Despite loving her work as a teacher, she was aware of a gap in her life. However, it was not until after the failure of her first marriage and a breakdown in her late twenties that Linda returned to the Church. By this time she was embarking on her second teaching job at a Hatfield secondary school.

“On the surface I was achieving in my job, but inside I felt dead. One night I felt so empty, so awful and low that I just lay down on the floor, and then I had this incredible experience of enfolding. It was like an embrace. That feeling of being warm and held and safe has remained with me.”

Not long after her return to the church, Linda decided to carry out her childhood ambition of becoming a missionary and gained a posting to Zimbabwe. It was while she was on a mission studies course before her posting, at the Missionary Society’s College of Ascension in Birmingham, that she was invited to say mass with a Roman Catholic priest. “I was saying part of the Prayer of Consecration with him and suddenly something clicked into place. I felt I had come home. I knew I had a priestly vocation. It was a very powerful but unexpected emotion.”

Linda taught in one of the first mixed boarding schools in St David’s Bonda, near Mutare on the eastern side of Zimbabwe, where she was deputy head, head of English and lay chaplain. But by her mid thirties the desire to be ordained was strong, and on her thirty-sixth birthday she returned to England to be ordained deacon. Although she had intended to return to Zimbabwe, she stayed to play her part in the women’s fight for ordination to the priesthood. “It didn’t seem right to work on somebody else’s frontline when there was a frontline for women here,” she says.

There was another reason to remain in England. During a retreat for deacons she met her present husband, David, a former social worker 10 years her junior who also intended to become a priest.

“We were from the same stable: both liberals, tying our church politics into our concern for social justice,” she says. They were both on the Catholic wing - David Isiorho even goes so far as to wear a Canterbury cap, one of the most traditional vestments there is. And in some ways, they were also both outsiders. “It wasn’t easy for the Church to accept black vocations (David is half-Nigerian).” And it certainly wasn’t easy for the Church to accept women’s vocations.

Moreover, although a law was going through Parliament to allow divorcees who had remarried to become priests, there was a campaign to block it, which delayed its passage. Their bishop knew of their engagement, but the pair had to keep their relationship out of the public eye until after David’s ordination.

“It made me think about people who are obliged to hide things, which they think are all right. It taught me an awful lot about what the church still does to people who are gay.” It also made her think about her duties as a teacher on such matters; she is categorical that section 28 should be repealed.

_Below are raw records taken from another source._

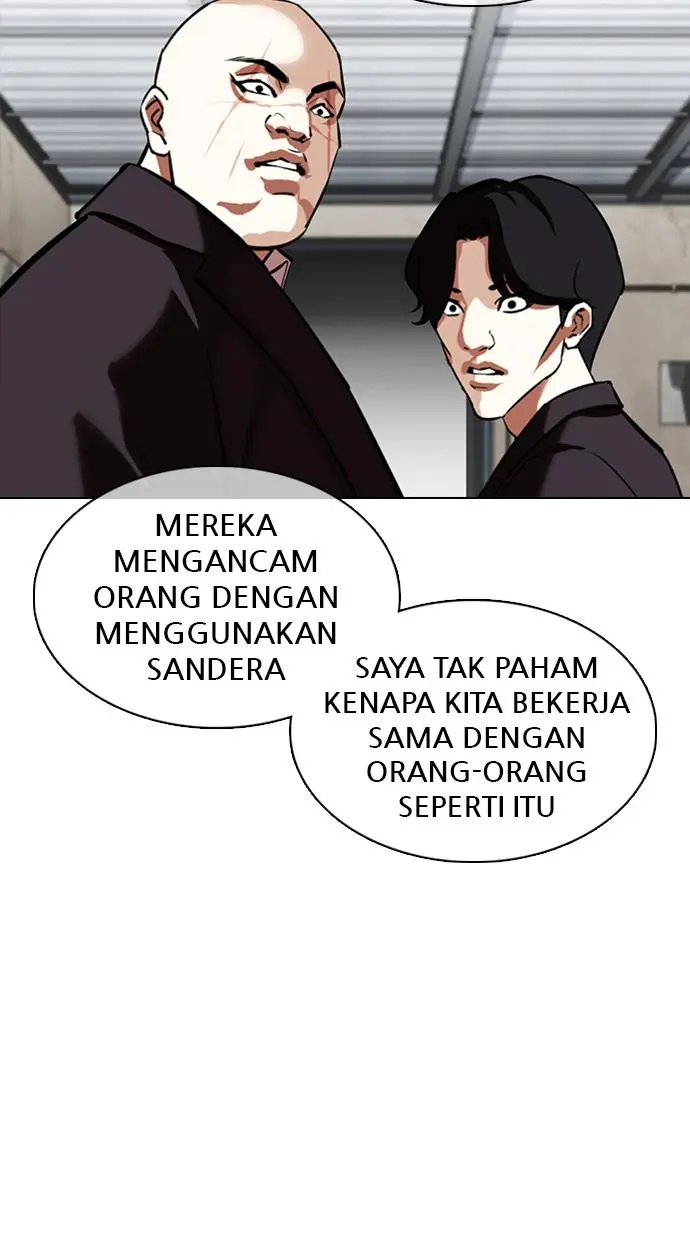 Halaman 63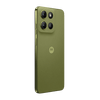 6.72 OC 256/8GB 50/5/8MP, Iguana Green
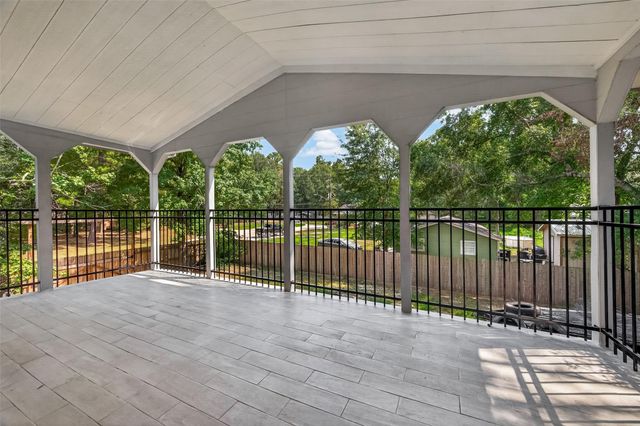 23554 Grasshopper Court, Porter, TX 77365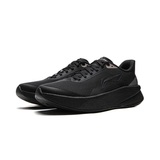  Giày Chạy Bộ Nam Li-Ning Chaoying ARBW007-8V 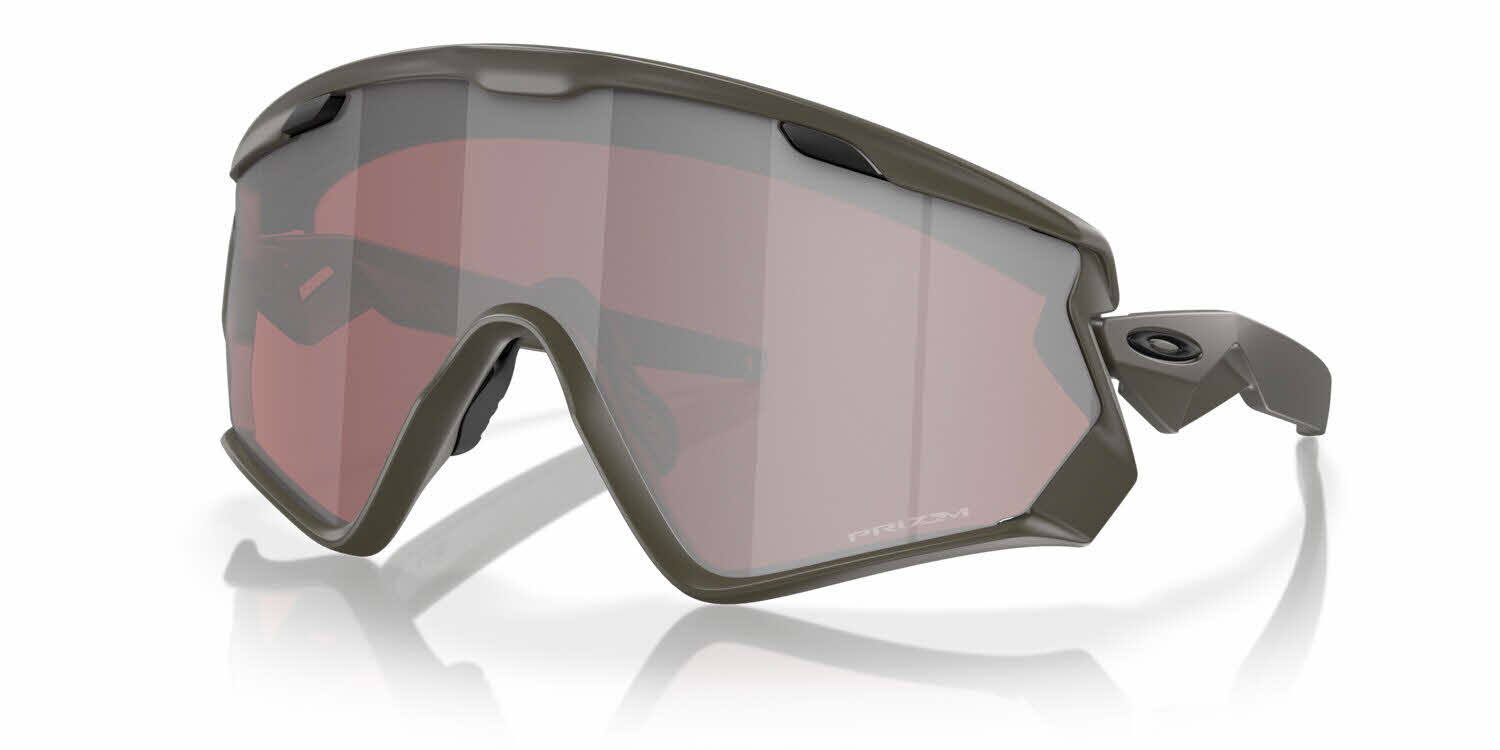 OAKLEY WIND JACKET 20 941826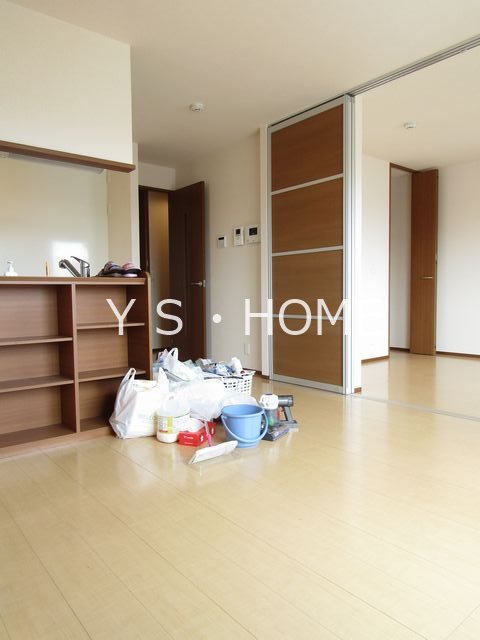 クレイドル その他31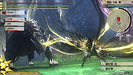 God Eater 2: Rage Burst (Welcome Price!!) Sony Ps Vita Playstation - New Japan Figure 4573173309202 5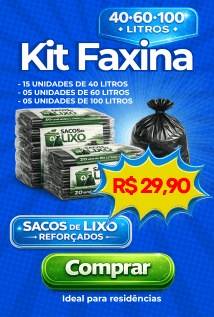 Oferta especial 1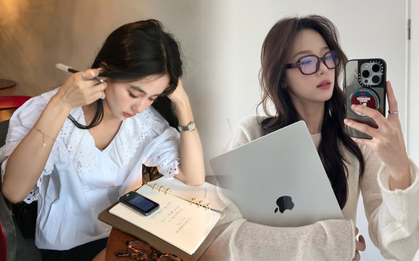 Gen Z đang bị khủng hoảng: Có bằng cấp nhưng khó kiếm việc, có việc rồi thì lương lại thấp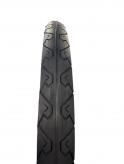 CUBIERTA OBOR 26X1.95 LISA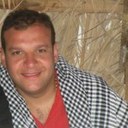 Ashraf George - @ashrafx6m - Twitter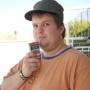 Robert Guthrie Photo 11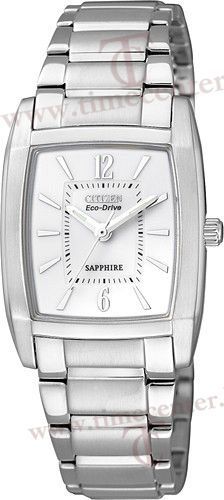 Citizen EP5790-59A karóra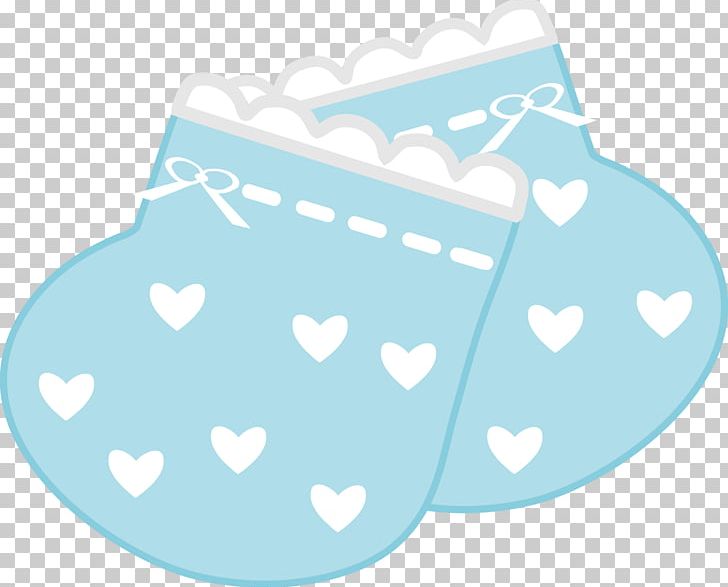 Infant PNG, Clipart, Aqua, Baby Shower, Boy, Child, Computer Icons Free PNG Download
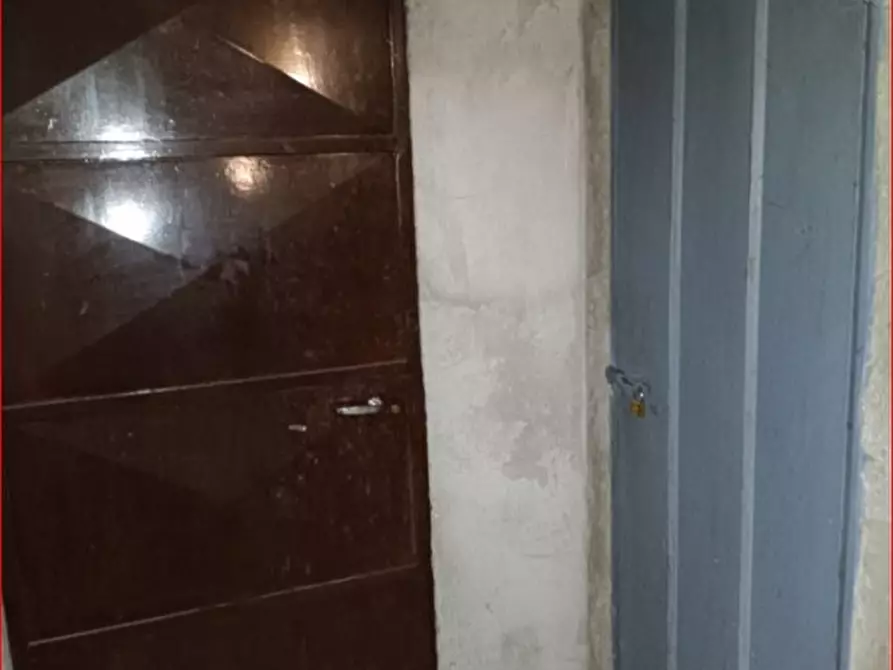 Immagine 5 di Appartamento in vendita  in Via TRE VENEZIE 110 - 20036 Meda (MB) a Meda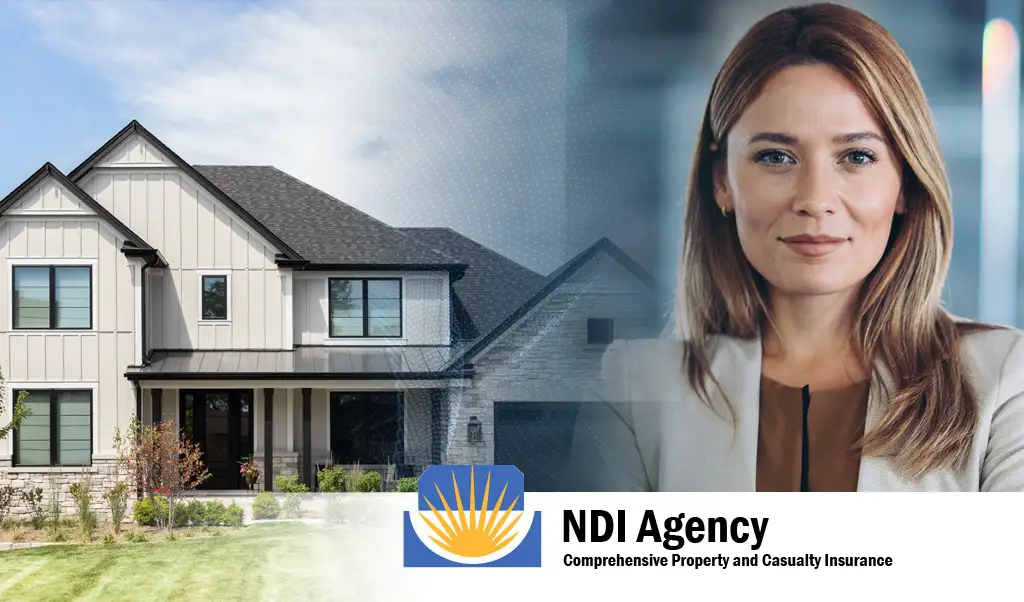 Huntsville Texas Home Insurance Quotes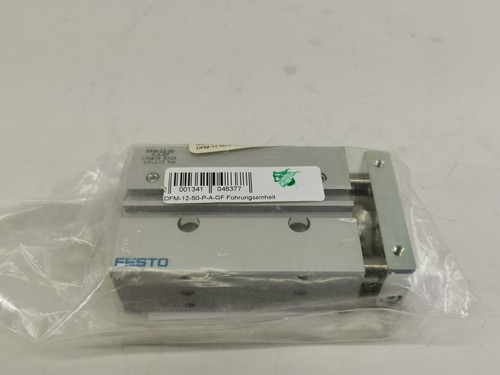 Festo dfm a - festo, 170829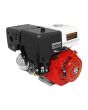 Motor de gasolina 13 HP RLM1300 Husky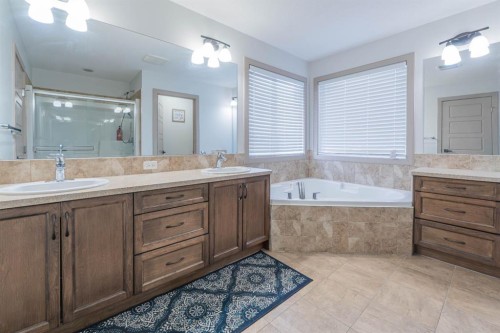 48 Skyview Point Terrace Ne, Calgary, AB 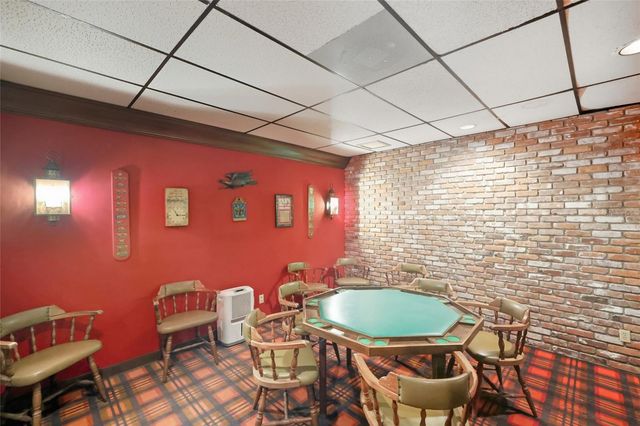 4340 FALMOUTH DRIVE D104, Longboat Key, FL 34228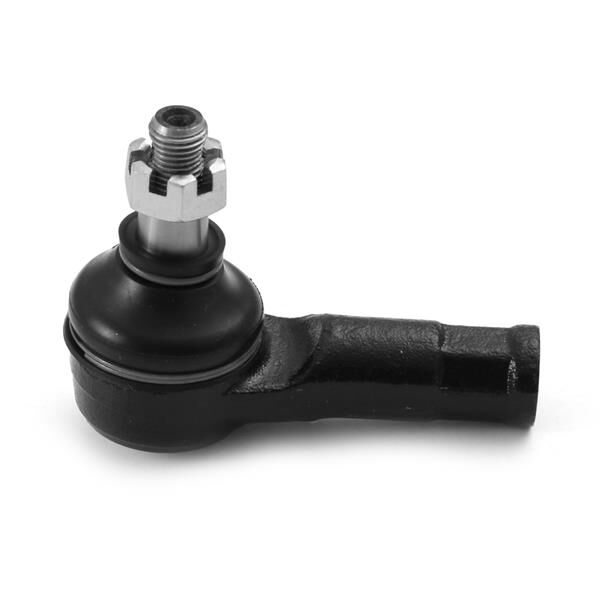 ROT BAŞI DIŞ SAĞ-SOL MAZDA 323 FAMILIA LANTIS 1.5L Z5 ZL BA kasa 96-98 / 1.8L BP BA kasa 96-98 / 1.6L B6 BG kasa 89-95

“Anyone who works in schools knows that homophobic bullying goes on. We should not deny children the right to know about themselves and their world. Sex education is a big issue because children remain ignorant of very basic knowledge such as the fact that girls have orgasms, which I’ve had to explain. If teachers aren’t going to explain these things, who will?” Because Linda is married to David and lives in the vicarage that belongs to his parish in Rugeley, she cannot have a full-time parish of her own (“spot the misogyny”). At Fradley, which was happy to take a woman priest, she supports the vicar, who has to cover two other parishes. “The bishop wanted someone under 50 who would be able to work with young people,” she says. “I fitted the bill.”